> _Supplied material_
###

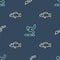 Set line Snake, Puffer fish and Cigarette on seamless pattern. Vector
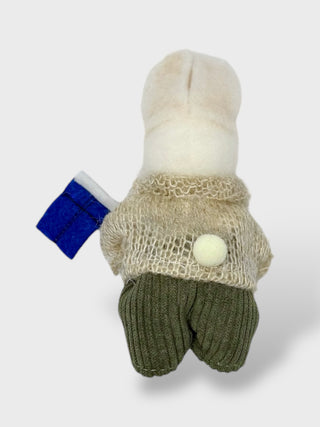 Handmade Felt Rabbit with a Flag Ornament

###

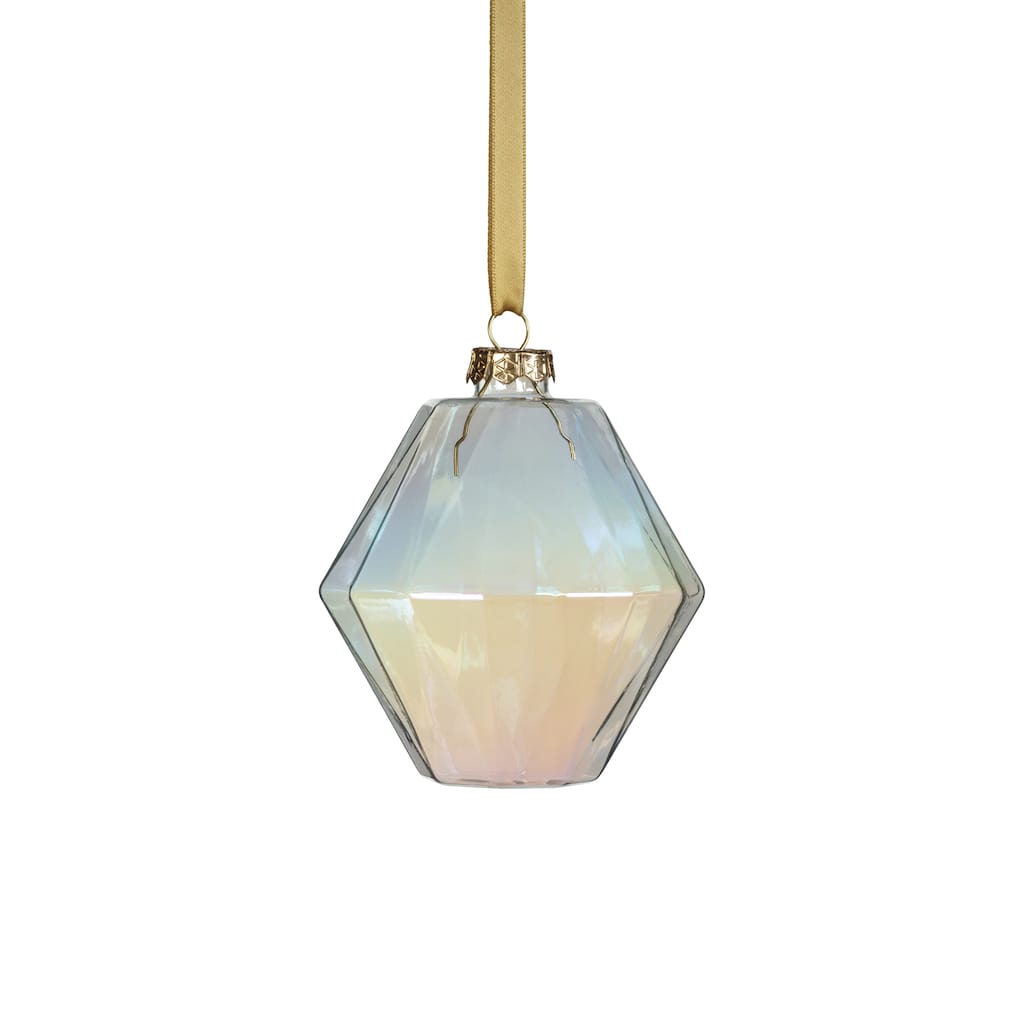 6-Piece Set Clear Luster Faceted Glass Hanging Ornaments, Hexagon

###

> _Directions_
Only the lines above from the one containing "Set line Snake, Puffer" through the one containing "Handmade Felt Rabbit with a Flag Ornament" should be returned, verbatim and inclusive, with pictures excluded.

> _Result below_
 Set line Snake, Puffer fish and Cigarette on seamless pattern. Vector
 Handmade Felt Rabbit with a Flag Ornament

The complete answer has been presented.